> [Study material]:
*** Begin section ***
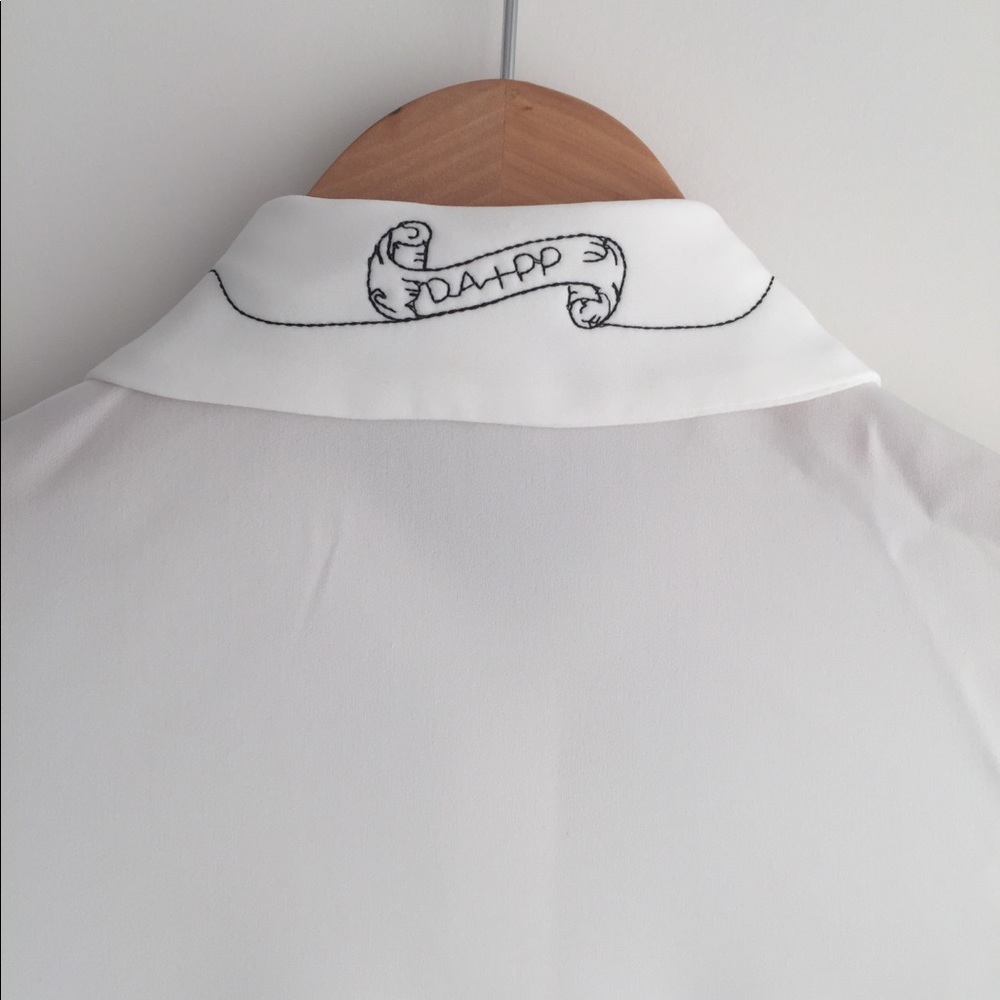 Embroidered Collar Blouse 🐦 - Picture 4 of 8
*** End section ***
*** Begin section ***
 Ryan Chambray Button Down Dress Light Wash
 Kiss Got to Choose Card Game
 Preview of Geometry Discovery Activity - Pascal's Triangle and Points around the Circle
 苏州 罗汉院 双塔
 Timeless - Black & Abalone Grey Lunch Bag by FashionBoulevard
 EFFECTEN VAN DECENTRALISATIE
*** End section ***
> [Instructions for the task]: What is needed is a verbatim copy of every line in the records above from the one containing "Kiss Got to Choose Card Game" down to the one containing "EFFECTEN VAN DECENTRALISATIE", both included, and nothing more.

> [Answer space]:
 Kiss Got to Choose Card Game
 Preview of Geometry Discovery Activity - Pascal's Triangle and Points around the Circle
 苏州 罗汉院 双塔
 Timeless - Black & Abalone Grey Lunch Bag by FashionBoulevard
 EFFECTEN VAN DECENTRALISATIE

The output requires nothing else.